The allocations to each city are as follows:
- Belfast £13.7m
- Birmingham £10m
- Bristol £11.3m
- Cardiff £11m
- Edinburgh £10.7m
- Leeds & Bradford (joint bid) £14.4m
- London £25m
- Manchester £12m
- Newcastle £6m
The ten cities’ plans include taking ultrafast broadband access to an extra 230,000 residential and 55,000 business premises, and extending high speed wireless access. The plans are due to be delivered by 2015.
The government has previously pledged to invest a total of £830 million in delivering the best broadband in Europe and extending mobile coverage.
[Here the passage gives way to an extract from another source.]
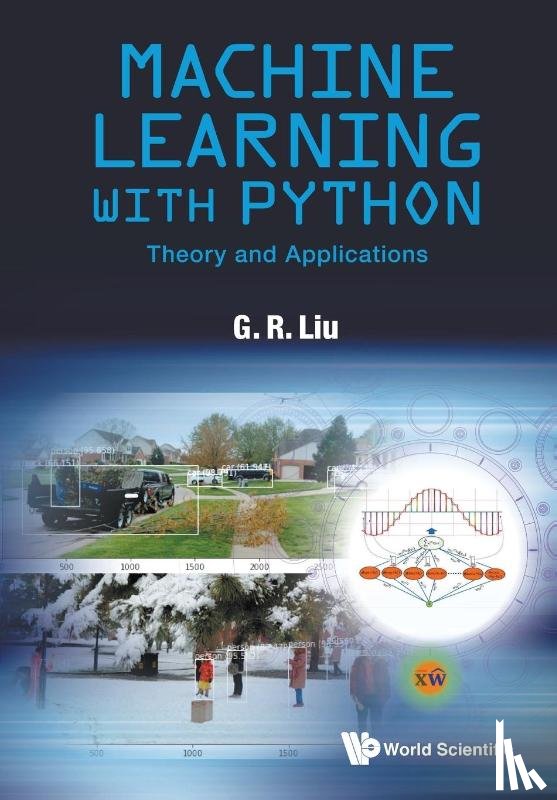 Liu, Gui-rong (University Of Cincinnati - Machine Learning With Python: Theory And Applications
It also aims to roll out superfast broadband to 90 percent of the UK by 2015.
However, a recent report from the London School of Economics (LSE) found that public funds so far earmarked for the initiative would need to nearly double in order to meet this target.
Public broadband funding, not just from the government, stands at a total of £1.3 billion.
LSE estimated that another £1.1 billion of funding is needed to achieve the government’s broadband objectives, and said that the £50 million allocated by Chancellor George Osborne in the 2012 budget fell “well short” of filling the funding gap.
“This government is disguising its failure to roll out universal broadband by making yet another re-announcement about the super-connected cities programme,” said Helen Goodman MP, Labour's Shadow Minister for Media and Telecoms.